Dans la déclaration d'ouverture de sa conférence de presse de mercredi, il a exclu une phrase qu'il avait utilisée en janvier et en mars, selon laquelle "il sera probablement approprié de commencer à réduire la politique de restriction à un moment donné cette année", consolidant ainsi un changement dans les attentes de réductions régulières et substantielles des taux cette année, au profit d'un doute sur l'éventualité d'une baisse des taux.

Le changement de langage de M. Powell a déclenché un mini-cycle de resserrement financier sur les marchés du crédit, le taux moyen d'un prêt immobilier à taux fixe sur 30 ans repassant au-dessus de 7 % et les rendements des bons du Trésor américain à deux ans, considérés comme un indicateur de la politique de la Fed, passant d'environ 4,2 % en janvier à près de 5 % aujourd'hui.

M. Powell a déclaré cette semaine que ces tendances finiront par se traduire par une baisse de l'inflation vers 2 %, alors qu'elle s'élevait à 2,7 % en mars, selon la mesure de l'inflation privilégiée par la Fed.

Mais la durée de ce voyage et le sort des travailleurs dans l'intervalle dépendront de facteurs - dont la productivité - qui échappent largement au contrôle de la banque centrale.

La Fed n'est peut-être pas disposée à risquer d'endommager l'économie en procédant à de nouvelles hausses de taux pour parvenir à maîtriser l'inflation.

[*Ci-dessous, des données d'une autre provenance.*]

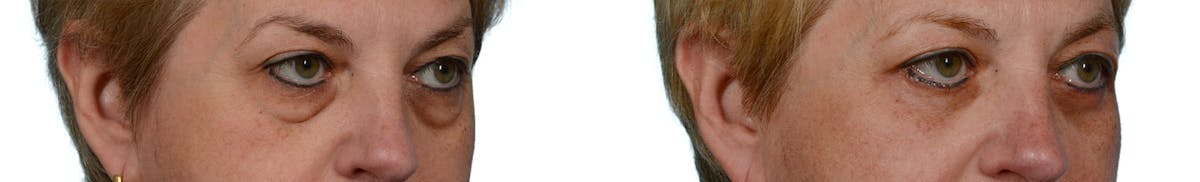 Blepharoplasty (Eyelid Surgery) Before & After Gallery - Patient 231657 - Image 2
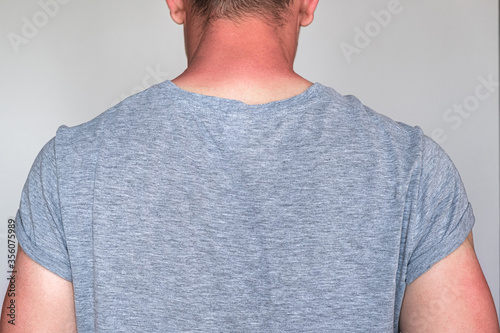 Принти на полотні a man in a gray T-shirt with sunburned skin on his arms and neck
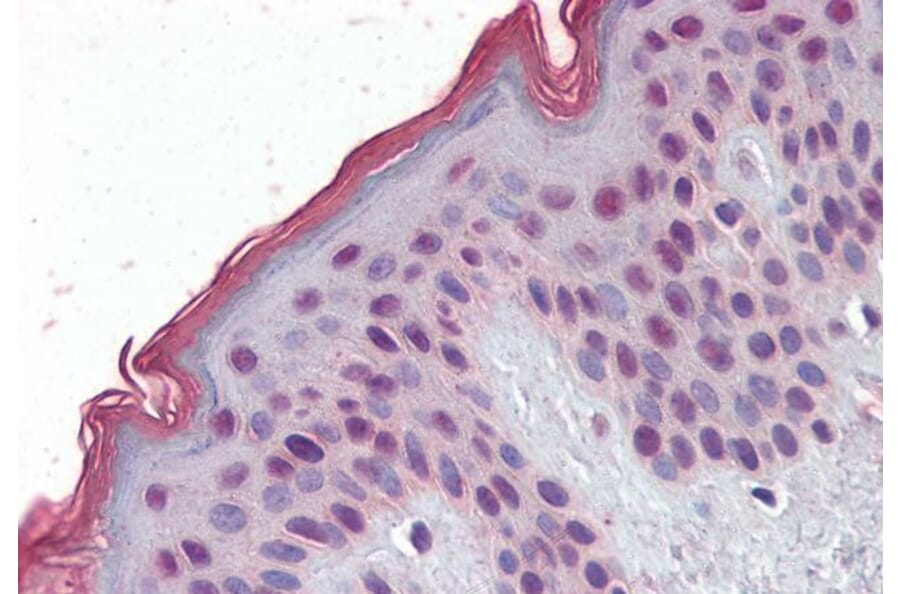 Immunohistochemistry - Anti-MBD2 Antibody (A82510) - Antibodies.com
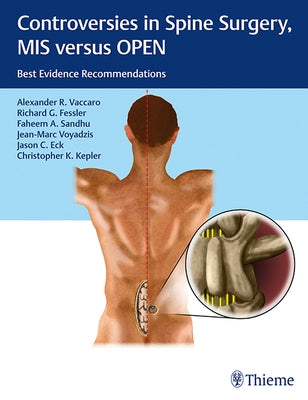 Controversies in Spine Surgery, MIS Versus Open: Best Evidence Recommendations by Vaccaro, Alexander R.
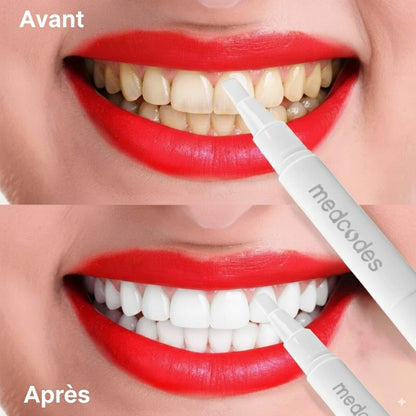 Stylo Gel de Blanchiment Dentaire – Retrouver un sourire éclatant en quelques jours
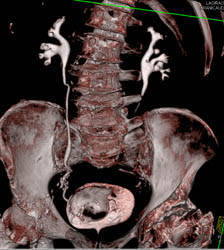 Active Bleed in Bladder Cancer- See Sequence - CTisus CT Scan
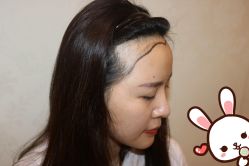 点击看大图 -大麦微针植发丨全国连锁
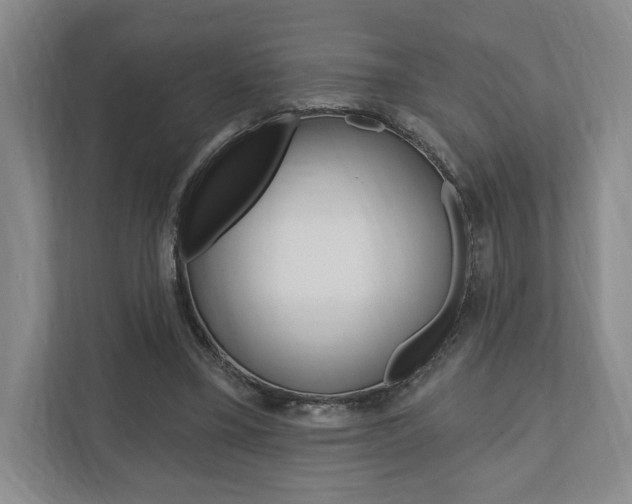 X0000110740395200906150933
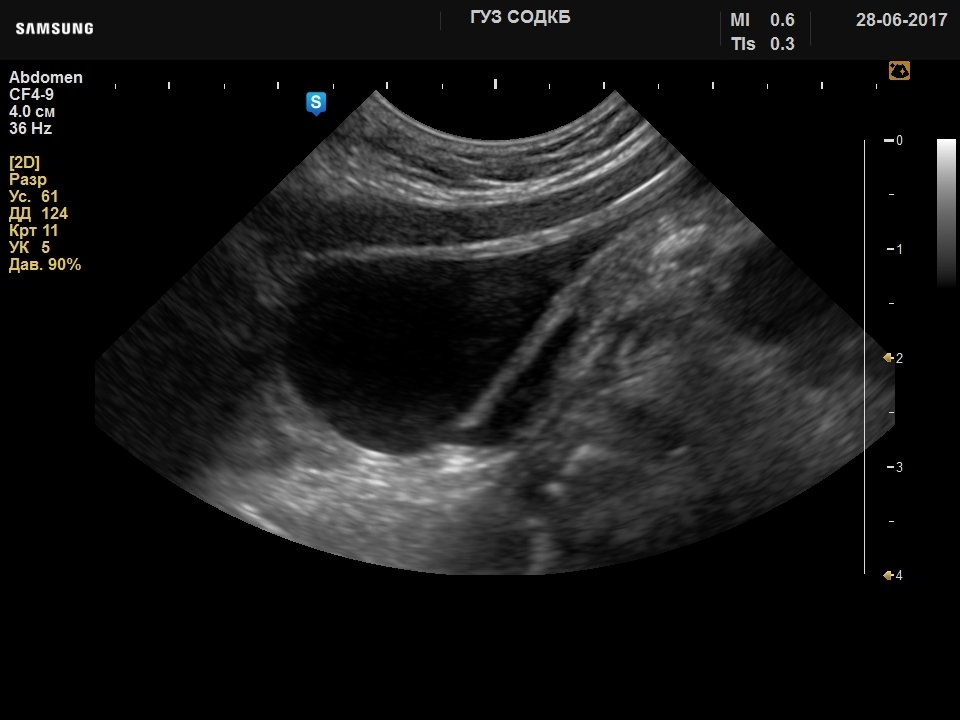 Urinary bladder - dilated ureter, B-mode (echogramm №741)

Mais, selon M. Powell, les décideurs politiques ne se précipiteront pas non plus pour réduire les taux en raison d'une hausse modeste du chômage.

"Il faudrait que cette hausse soit significative, qu'elle attire notre attention et qu'elle nous amène à penser que le marché du travail s'affaiblit vraiment de manière significative", a-t-il déclaré mercredi. "Une augmentation de quelques dixièmes (d'un point de pourcentage) du taux de chômage n'aurait probablement pas cet effet.